An integrated petrophysical and petrological study was conducted on 140 core plugs from a Saudi Arabian tight gas reservoir. A detailed suite of experiments was conducted using a variety of analytical tools such as a helium porosity–permeability meter, NMR, electrical resistivity, micro-CT imaging, thin section, and QEMSCAN. We found that two distinct groups of porosity occur in the studied reservoir and that each group responded differently to the laboratory methods of porosity measurements. In order to probe this observation further, a gradient marker-based watershed segmentation together with digital rock physics computation were used to generate the pore network models, pores, and pore size distribution of representative samples. Then, we speculated how the pore character of the tight formation affected methods of porosity measurements in the laboratory. Then, the following specific conclusions were made from this study.

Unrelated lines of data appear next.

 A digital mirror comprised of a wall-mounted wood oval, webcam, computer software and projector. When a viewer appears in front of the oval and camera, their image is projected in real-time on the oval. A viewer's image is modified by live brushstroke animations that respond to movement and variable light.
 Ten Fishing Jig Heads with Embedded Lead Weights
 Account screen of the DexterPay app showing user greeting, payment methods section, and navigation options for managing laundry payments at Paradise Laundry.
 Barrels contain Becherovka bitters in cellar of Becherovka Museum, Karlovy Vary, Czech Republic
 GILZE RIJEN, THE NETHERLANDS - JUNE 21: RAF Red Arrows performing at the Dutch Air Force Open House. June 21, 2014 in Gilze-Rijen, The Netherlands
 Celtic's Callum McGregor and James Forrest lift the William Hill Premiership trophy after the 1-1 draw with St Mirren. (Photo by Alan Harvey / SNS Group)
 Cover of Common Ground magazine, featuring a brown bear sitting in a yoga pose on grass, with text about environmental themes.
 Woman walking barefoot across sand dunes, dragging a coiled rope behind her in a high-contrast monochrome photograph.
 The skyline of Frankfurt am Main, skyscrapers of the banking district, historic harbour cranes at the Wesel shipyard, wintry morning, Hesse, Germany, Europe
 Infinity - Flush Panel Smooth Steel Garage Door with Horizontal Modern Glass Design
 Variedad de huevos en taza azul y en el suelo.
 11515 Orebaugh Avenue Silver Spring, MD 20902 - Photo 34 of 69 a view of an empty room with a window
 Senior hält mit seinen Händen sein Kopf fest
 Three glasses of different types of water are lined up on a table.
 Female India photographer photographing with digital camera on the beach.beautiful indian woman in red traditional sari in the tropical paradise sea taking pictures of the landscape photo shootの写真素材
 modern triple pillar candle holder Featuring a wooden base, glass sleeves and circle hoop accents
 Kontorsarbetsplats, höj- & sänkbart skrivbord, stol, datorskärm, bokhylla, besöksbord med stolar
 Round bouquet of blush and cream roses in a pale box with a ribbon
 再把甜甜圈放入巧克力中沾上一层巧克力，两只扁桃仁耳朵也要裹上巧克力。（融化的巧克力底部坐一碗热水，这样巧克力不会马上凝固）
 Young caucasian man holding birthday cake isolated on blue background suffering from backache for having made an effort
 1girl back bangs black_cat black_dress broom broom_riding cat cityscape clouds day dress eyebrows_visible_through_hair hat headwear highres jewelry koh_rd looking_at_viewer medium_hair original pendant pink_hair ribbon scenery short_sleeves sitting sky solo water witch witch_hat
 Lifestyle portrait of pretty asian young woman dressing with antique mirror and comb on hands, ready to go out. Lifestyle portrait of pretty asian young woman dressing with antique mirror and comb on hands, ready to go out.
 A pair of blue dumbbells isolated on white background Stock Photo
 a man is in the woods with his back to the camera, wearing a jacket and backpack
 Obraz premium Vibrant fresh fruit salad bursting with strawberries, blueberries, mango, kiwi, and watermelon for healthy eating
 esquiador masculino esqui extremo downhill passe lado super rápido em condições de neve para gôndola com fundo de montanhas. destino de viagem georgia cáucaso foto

• Our analysis identified two major porosity groups of rock samples. One group is characterized by porosity values less than 7% while the second group has porosity values above 7%. There is a generally a good agreement between different methods of porosity measurements in samples with <7% porosity compared to samples with >7% porosity values.
• Rock typing using the flow zone indicator (FZI) identified five hydraulic flow units (HFUs). Each of the HFUs has reservoir rocks with porosity values that fall within both groups of porosity.
• Petrographic analysis revealed that the low-porosity samples have a significant amount of clay (mainly illite). However, quartz was identified as the dominant mineral in all the rock samples while subordinate amounts of feldspars, mica, and clay minerals were also identified.
• NMR analysis showed that the group 1 samples are dominated by micropores, while the group 2 samples are dominated by macropores. Group 1 samples apparently showed a polymodal pore system, while the samples in group 2 generally showed unimodal pore distribution.
• High-resolution micro-CT images showed that pore throat size plays a very important role in the NMR porosity measurements, and may be responsible for the poor correlation between NMR porosity and gravimetric porosity in the group 2 samples (>7%).
• NMR-estimated permeability in tight sandstones shows fair correlation with helium permeability with an R² of 0.6 and RMSE of 1.8.
• Electrical resistivity measurements showed that the tight sand samples have a cementation factor of 1.5, when the laboratory measurements are fitted with the Archie model. When a value of tortuosity factor other than 1 is allowed, the cementation factor is about 1 and the tortuosity factor is 5.14. Electrical tortuosity values computed using various empirical models range between 1.2 and 9.6.